Amith Nair is Global VP and General Manager, Data and AI Solutions, at the Vancouver, Canada, headquartered provider. Nair says:
As AI systems become more specialized and embedded in high-stakes use cases, the quality of the datasets used to optimize outputs is emerging as a key differentiator for enterprises between average performance and having the potential to drive real-world impacts.
We’re well past the era where general crowdsourced or internet data can meet today’s enterprises’ more complex and specialized use cases. This is reflected in the shift in our clients’ requests from ‘wisdom of the crowd’ datasets to ‘wisdom of the experts’.
Experts and industry professionals help curate such datasets to ensure they are technically sound, contextually relevant and responsibly built.
Nair adds:
In high-stakes domains like healthcare or finance, even a single mislabelled data point can distort model behavior in ways that are difficult to detect and costly to correct.
Fair enough. And as my earlier report revealed, academic studies of LLM behavior find deep problems for the technology whenever real-world complexity challenges any simple prompted answers. In many cases, the deeper we dig into LLMs’ responses, the less accurate and prone to hallucination they become, having been trained on both fact and fiction, of course.
My take
So, verified, expert, high-quality data is clearly the way ahead, plus the availability of human experts to verify AIs’ workings. But as I suggested above, LLMs’ and Gen-AI’s problems are not as easily solved as that.
First, user behavior is strongly biased towards expediency, and towards cost and time savings. It is not targeted at making smarter decisions: in this sense, AI is little more than the new automation for many enterprise users.
Second, data is not held in a traditional database with these tools. It is more the case that tokens are reflected in weights and statistical probabilities. As a result, flawed or inaccurate data persists; it can’t simply be deleted.
Therefore, one can only hope that hallucinations are challenged and corrected, despite ample evidence from professional markets, such as legal services, that even seasoned experts are prone to trust chatbots’ output without question.

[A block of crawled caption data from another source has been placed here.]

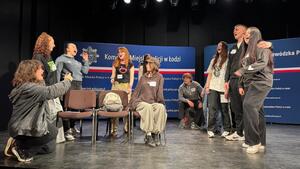 Uczestnicy wydarzenia siedzący lub stojący na scenie podczas prób.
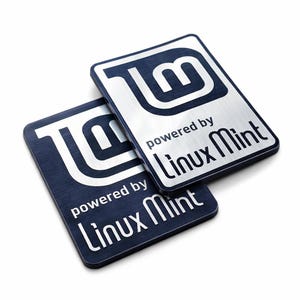 Op de afbeelding: Twee rechthoekige metalen stickers met een geborstelde zilveren afwerking en donkerblauwe accenten. Elke sticker toont het Linux Mint-logo bovenaan en de tekst "powered by Linux Mint" in een strak, schreefloos lettertype eronder.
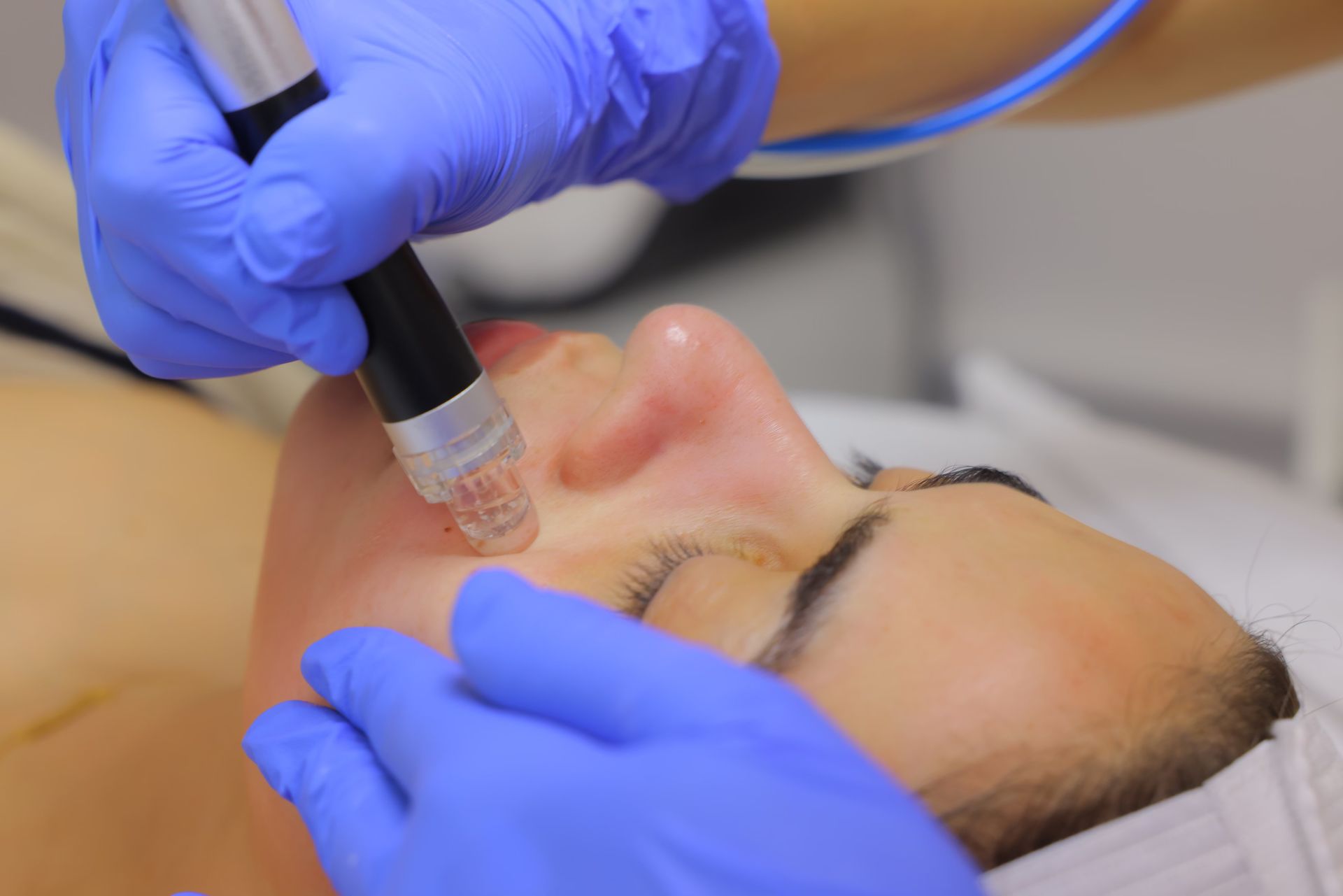 A woman is getting a facial treatment at a beauty salon.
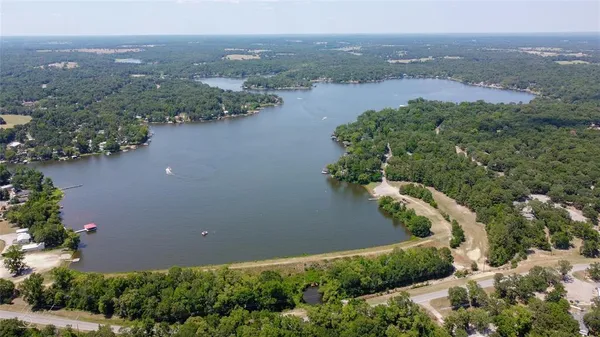 an aerial view of lake residential house and space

So, why have lawyers presented hallucinated case law in courts across the US? Because they are time poor and overwhelmed with paperwork, and AI CEOs have allegedly lied about their products’ proximity to superintelligence. Marketing BS, in other words: currently the most destructive force on Earth.
And third, as synthetic data booms and the internet is overrun with the AI slop generated by millions of shadow-IT users who are AIs’ largest customer base, access to verified, human-authored data will become more challenging to find, not less.
The irony of all this is obvious: the least transparent and most exploitative vendors – the ones that dominate the market – have grown fat on selling effort-free text, images, and video to users, rather than solving real-world problems.
What they should have done is sold trust to professionals first.